## [What you will do]
The entries below are to be repeated exactly, and their pictures left out.

## [Source material]
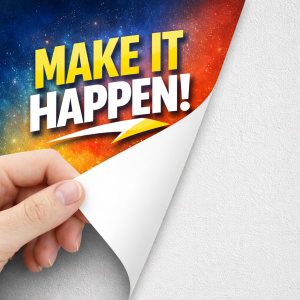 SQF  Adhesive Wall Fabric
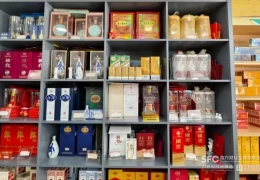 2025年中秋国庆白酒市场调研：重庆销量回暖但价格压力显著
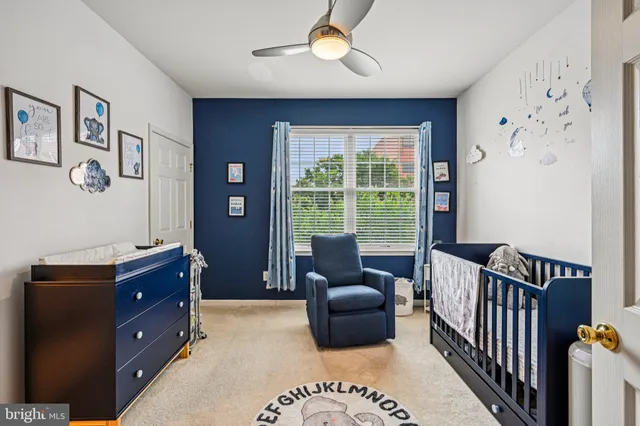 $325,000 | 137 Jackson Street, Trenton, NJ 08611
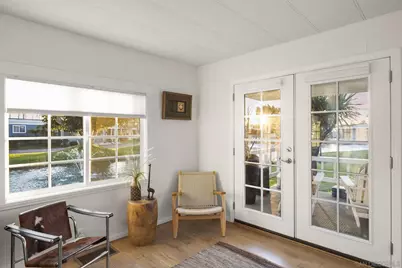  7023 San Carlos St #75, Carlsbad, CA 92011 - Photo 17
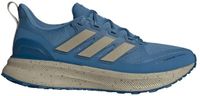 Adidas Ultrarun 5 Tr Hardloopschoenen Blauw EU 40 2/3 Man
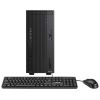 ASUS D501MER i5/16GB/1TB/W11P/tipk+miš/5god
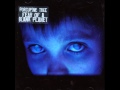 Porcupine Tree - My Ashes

## [Answer section]
 SQF  Adhesive Wall Fabric
 2025年中秋国庆白酒市场调研：重庆销量回暖但价格压力显著
 $325,000 | 137 Jackson Street, Trenton, NJ 08611
  7023 San Carlos St #75, Carlsbad, CA 92011 - Photo 17
 Adidas Ultrarun 5 Tr Hardloopschoenen Blauw EU 40 2/3 Man
 ASUS D501MER i5/16GB/1TB/W11P/tipk+miš/5god
 Porcupine Tree - My Ashes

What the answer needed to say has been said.